Content starts

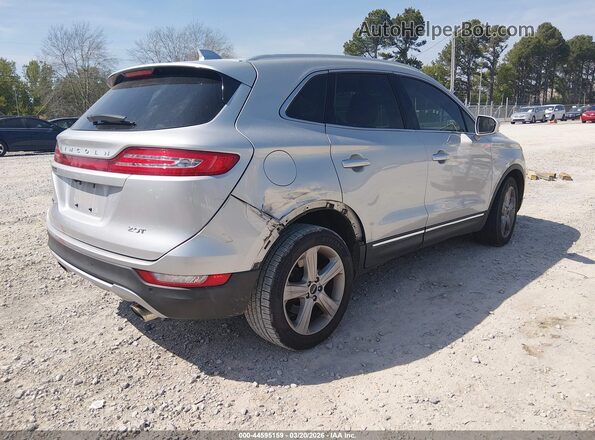 5LMCJ1C97HUL68716 2017 LINCOLN MKC Silver Trasero derecho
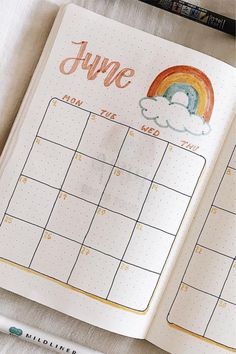 an open planner with a rainbow drawn on it and the word june written in cursive writing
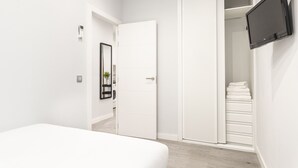 A bedroom with a bed, a white wardrobe, a television mounted on the wall, and a door leading to a bathroom.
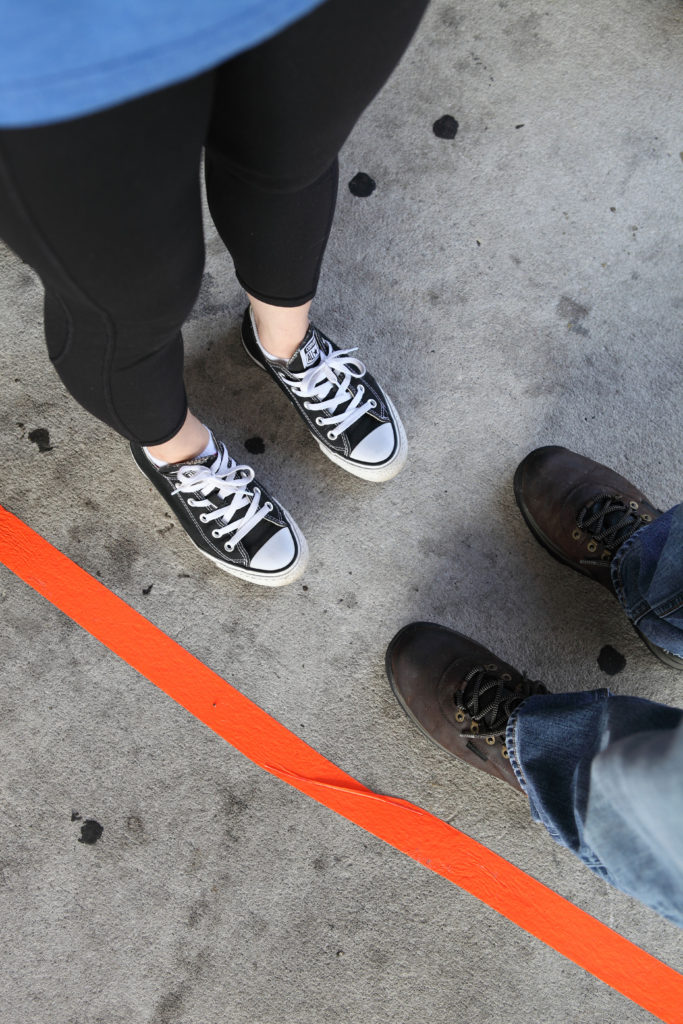 Two people standing by a line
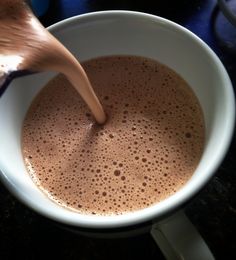 a person stirring hot chocolate in a white cup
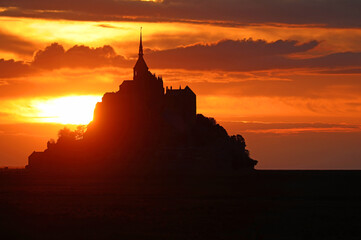 Breathtaking View with Abbey of Mont Saint Michel in Northern France at sunset - 649395477
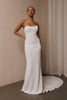 A woman wearing a strapless white mermaid style gown_XS_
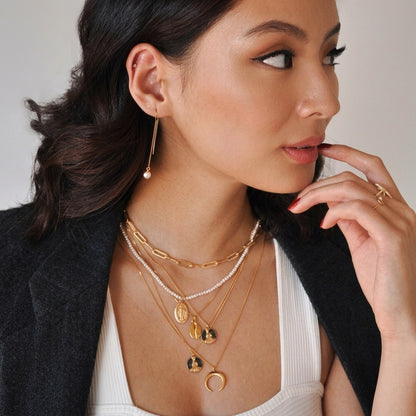 A close-up lifestyle shot of a woman wearing a layered gold necklace set with various charms, a gold dangle earring with a pearl, and gold rings, styled with a black blazer and white ribbed top.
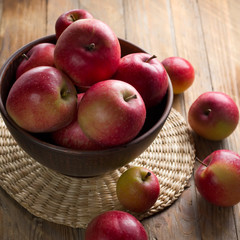Apples on a rustic kitchen table at morning light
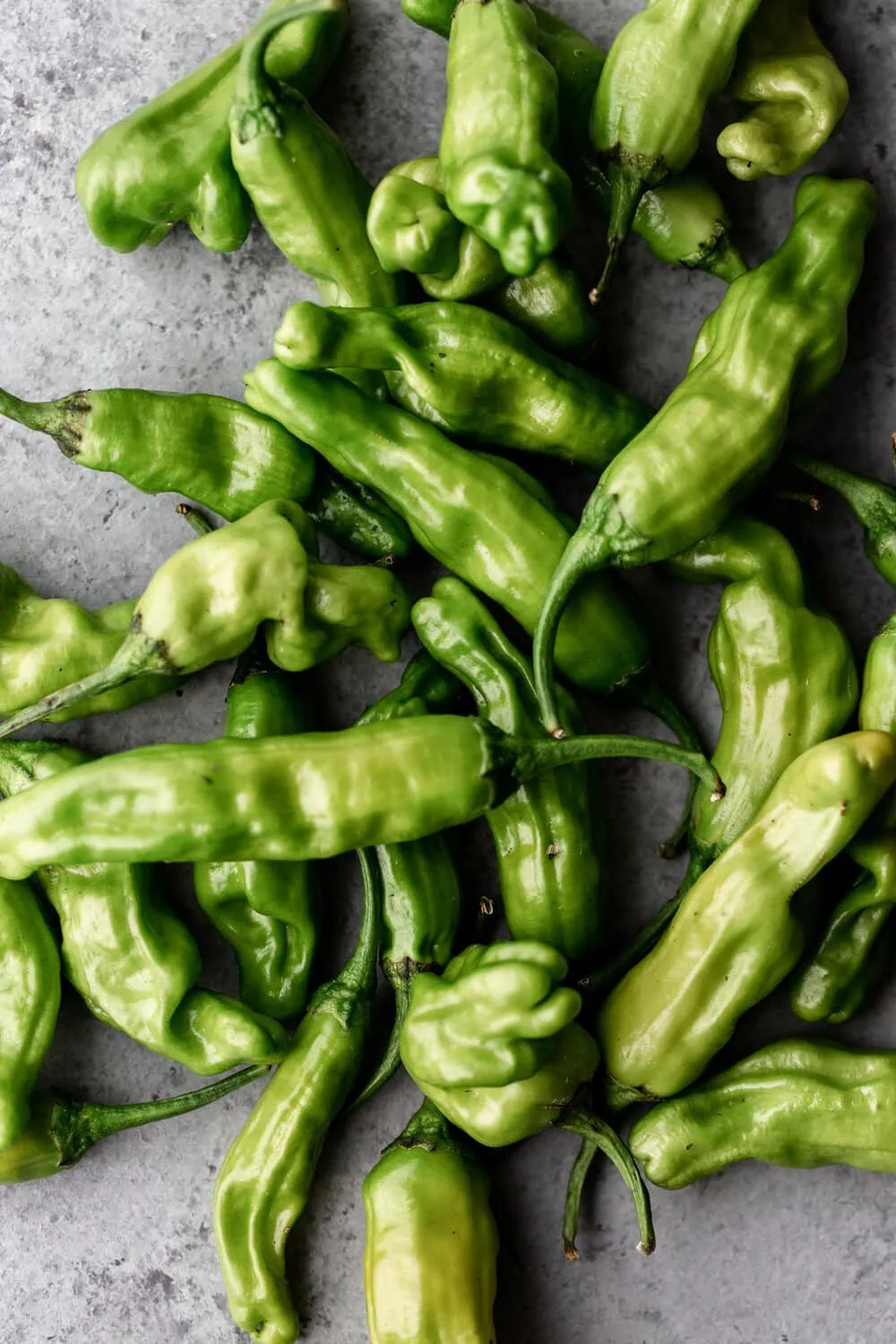 shishito peppers cooking with cocktail rings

Content ends

> Problem details
Wording must stay exact. Give again the lines from the line with "Apples on a" through the last line of the listing, both ends included, without pictures.

> Answer section
Apples on a rustic kitchen table at morning light
 shishito peppers cooking with cocktail rings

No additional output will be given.